Electro-magneto-hydrodynamic peristaltic pumping of couple stress biofluids through a complex wavy micro-channel

Abstract

Biomimetic propulsion mechanisms are increasingly being explored in engineering sciences. Peristalsis is one of the most efficient of these mechanisms and offers considerable promise
in microscale fluidics. Electrokinetic peristalsis has recently also stimulated significant attention. Electrical and magnetic fields also offer an excellent mode for regulating flows. Motivated by novel applications in electro-conductive microchannel transport systems, the current article investigates analytically the electromagnetic pumping of non-Newtonian aqueous electrolytes via peristaltic waves in a two-dimensional microchannel with different
peristaltic waves propagating at the upper and lower channel wall (complex wavy scenario). The Stokes couple stress model is deployed to capture micro-structural characteristics of real
working fluids.

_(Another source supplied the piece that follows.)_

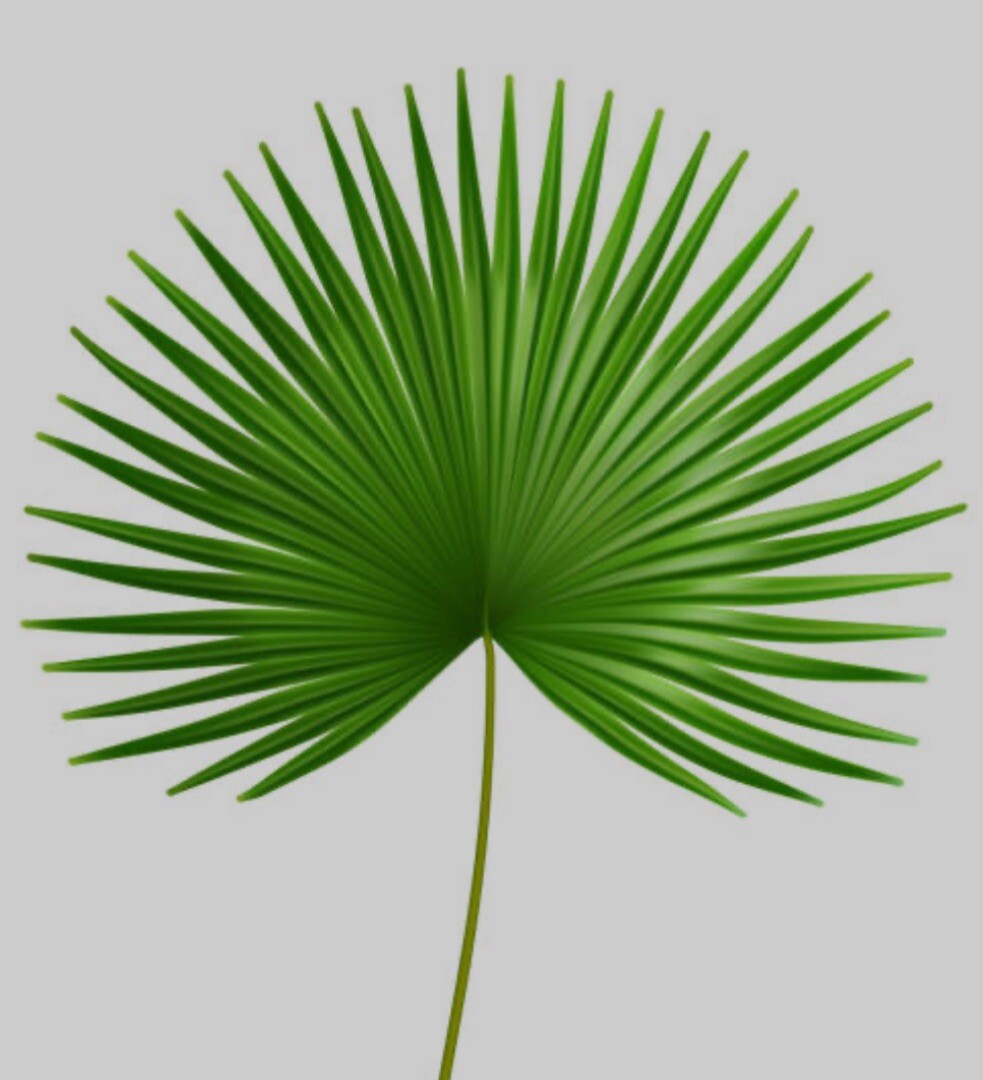 100+ Hardy Windmill Palm Tree Seeds ,USA Trachycarpus Fortunei SEEDS $5.00 SHIP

The unsteady two-dimensional conservation equations for mass and momentum conservation, electro-kinetic and magnetic body forces, are formulated in two-dimensional Cartesian co-ordinates. The transport equations are transformed from the wave frame to the laboratory frame and the electrical field terms rendered into electrical potential terms via the Poisson-Boltzmann equation, Debye length approximation and ionic Nernst Planck equation. The dimensionless emerging linearized electro-magnetic boundary value problem is solved using integral methods. The influence of Helmholtz-Smoluchowski velocity (characteristic electro-osmotic velocity), couple stress length parameter (measure of the polarity of the fluid), Hartmann magnetic number, and electro-osmotic parameter on axial
velocity, volumetric flow rate, time-averaged flow rate and streamline distribution are visualized and interpreted at length.